LONDON — Where next for U.K. terrestrial players, Channel 4 and Five, now that merger talks between the two have collapsed?
For both outfits, the status quo is not an option in the competitive market.
Not only must the two come to terms with the digital switchover, due by 2012, they must factor into their business plans the effects of personal video recorders and the growth of on-demand broadband services — all of which could eat away at their auds.
At C4, recently given a much-needed boost by winning three prizes at the Intl. Emmys, new CEO Andy Duncan has laid his cards on the table.
He insists the only way to future-proof the broadcaster, best known for “Big Brother” but still making innovative shows as the Emmys indicated, is public funding.
Otherwise, come digital switchover, he reckons the station will be $170 million in the red.
To those unfamiliar with British TV, the idea of a handout for a profitable station — C4 is expected to make at least $120 million this year — looks absurd. But despite criticism that its schedules suffer from a surfeit of reality skeins and U.S. imports, C4 is no run-of-the-mill setup.
Although it is financed by commercials, it is owned by the state and all its profits go straight back into program budgets. As a pubcaster, C4 is obliged to show programs that are risky, irreverent and unavailable elsewhere, not even in the 400-channel world of digital TV.
Duncan calculates digital, satellite and cable TV — now in around 60% of U.K. homes — is eroding his audience share, leaving ad revenues seriously depleted and C4’s public service brief seriously threatened.
In other words, if C4 is to continue to screen edgy fare like Emmy-winning docu “The Boy Whose Skin Fell Off,” a handout from the state is necessary.
Either that, or abandon public service and go full throttle for ratings and revenue.
“There’s the simple arithmetic,” Duncan says. “We have a 13% share in terrestrial homes, a 10% or 11% share in homes with Freeview (the set-top box that gives free access to a range of digital channels) and a 6% share in pay TV homes.”
He adds, a mite contentiously: “All the other terrestrial broadcasters either benefit from or are effectively cushioned against the impact of digital switchover.
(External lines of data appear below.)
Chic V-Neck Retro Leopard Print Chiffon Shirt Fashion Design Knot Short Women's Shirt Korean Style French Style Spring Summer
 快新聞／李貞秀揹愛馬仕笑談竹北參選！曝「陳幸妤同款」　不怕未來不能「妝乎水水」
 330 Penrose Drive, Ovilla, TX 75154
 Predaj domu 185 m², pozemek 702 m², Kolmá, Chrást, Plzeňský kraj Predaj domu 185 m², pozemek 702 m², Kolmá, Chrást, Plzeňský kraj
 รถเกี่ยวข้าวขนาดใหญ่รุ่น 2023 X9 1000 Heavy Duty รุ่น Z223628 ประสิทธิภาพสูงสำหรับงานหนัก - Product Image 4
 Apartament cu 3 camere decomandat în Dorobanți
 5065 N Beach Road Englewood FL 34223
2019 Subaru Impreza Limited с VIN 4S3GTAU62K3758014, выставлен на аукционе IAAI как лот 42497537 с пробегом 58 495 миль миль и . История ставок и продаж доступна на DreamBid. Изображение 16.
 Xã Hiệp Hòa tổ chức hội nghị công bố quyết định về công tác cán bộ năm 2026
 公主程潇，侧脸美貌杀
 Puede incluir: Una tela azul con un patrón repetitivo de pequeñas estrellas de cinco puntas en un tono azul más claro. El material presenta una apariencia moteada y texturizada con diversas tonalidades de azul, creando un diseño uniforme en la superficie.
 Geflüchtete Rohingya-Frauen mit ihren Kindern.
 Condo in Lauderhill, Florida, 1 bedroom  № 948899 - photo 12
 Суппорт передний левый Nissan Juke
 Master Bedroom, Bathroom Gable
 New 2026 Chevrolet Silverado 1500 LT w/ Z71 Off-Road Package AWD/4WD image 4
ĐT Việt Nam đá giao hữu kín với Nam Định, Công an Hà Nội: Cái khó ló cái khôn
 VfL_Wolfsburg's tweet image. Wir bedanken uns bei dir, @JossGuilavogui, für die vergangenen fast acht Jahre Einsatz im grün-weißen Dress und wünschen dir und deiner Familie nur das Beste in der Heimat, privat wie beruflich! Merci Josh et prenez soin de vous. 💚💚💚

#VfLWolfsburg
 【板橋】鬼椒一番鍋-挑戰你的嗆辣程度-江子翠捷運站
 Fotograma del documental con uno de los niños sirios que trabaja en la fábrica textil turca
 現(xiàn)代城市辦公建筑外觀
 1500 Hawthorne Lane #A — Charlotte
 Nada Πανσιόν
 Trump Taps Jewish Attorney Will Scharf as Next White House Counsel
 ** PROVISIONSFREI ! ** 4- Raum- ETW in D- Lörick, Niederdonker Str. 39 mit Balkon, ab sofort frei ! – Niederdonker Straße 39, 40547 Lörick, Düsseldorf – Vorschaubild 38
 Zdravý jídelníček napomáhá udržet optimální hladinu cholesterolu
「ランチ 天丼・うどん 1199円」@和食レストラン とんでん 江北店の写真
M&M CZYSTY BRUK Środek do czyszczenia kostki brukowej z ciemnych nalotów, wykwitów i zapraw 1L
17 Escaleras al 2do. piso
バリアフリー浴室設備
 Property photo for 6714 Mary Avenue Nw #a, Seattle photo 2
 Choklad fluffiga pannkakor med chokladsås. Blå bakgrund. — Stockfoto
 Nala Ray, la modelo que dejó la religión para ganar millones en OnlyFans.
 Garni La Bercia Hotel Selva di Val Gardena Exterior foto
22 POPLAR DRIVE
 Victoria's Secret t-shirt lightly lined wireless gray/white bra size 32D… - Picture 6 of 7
“We are working very hard to make sure that the same is true of Channel 4, allowing us to continue being Britain’s bravest and most innovative broadcaster, making a significant contribution to the creative and cultural life of this country.”
Not everyone agrees that C4 needs a handout to sustain its remit. Michael Jackson, the former C4 topper who left to work for Universal in the States but is now considering a move back into British independent production, is one of the skeptics.
“Michael’s been going around London telling his friends that Channel 4 can survive by virtue of the premium ad rates it charges for scoring so high with the under-35s,” says an associate of Jackson. “He thinks the idea of a public subsidy is daft. I, too, remain to be convinced that C4’s remit cannot be sustained in the digital world.”
But others, including ex-C4 commissioning editor, indie Stephen Garrett, whose Kudos Prods. makes shows for the web, think Duncan’s reasoning is sound: “While no one could pretend that ‘Big Brother’ represents public service broadcasting, I think Channel 4 stands a good chance of getting the money.
“This is because Channel 4 is demonstrably an important part of the ecology of British TV. Its public service remit is under threat and needs to be protected.
“To leave public service to the BBC is not good enough. Every so often, Channel 4 sends shockwaves through the BBC with shows like ‘Sex Traffic,’ ‘Musicality’ and ‘Wife Swap,’ and that needs to continue.”
Meanwhile, upstart commercial channel Five, owned by RTL and United News Media, is considered vulnerable unless it develops a digital strategy — or hooks on to someone else’s.
This fall, Five finally scored with a home-produced hit — reality show “The Farm.” Series was helped by extensive coverage in the tabloids. One episode featured a pig being masturbated by a woman who claims she slept with British soccer ace David Beckham.
This rather bawdy show demonstrates why any marriage between the downmarket Five and the rather more highbrow C4 was going to be a stretch.
However, C4 can get a bit naughty. It recently bowed “The Sex Inspectors,” a reality show in which two “sex experts” provide a makeover for jaded lovers.
But other potential suitors for Five are waiting in the wings.
One possibility is that satellite and cable channel provider Flextech, owner of successful niche station Living, may get into bed with Five.
Other possibilities include a partnership with ITV, Blighty’s biggest terrestrial operator (difficult because of competitive considerations involving airtime sales) or an outright takeover by Rupert Murdoch-backed satcaster BSkyB.
“I realize James Murdoch (BSkyB’s CEO) has indicated he is not interested in buying Five, but the synergies are obvious,” says a London media consultant. From the New Year, Sky News will supply Five’s news shows.
“Dawn Airey (Sky Networks topper) knows Five inside out, having helped to launch it,” the consultant adds. “Ultimately, it all comes down to price.”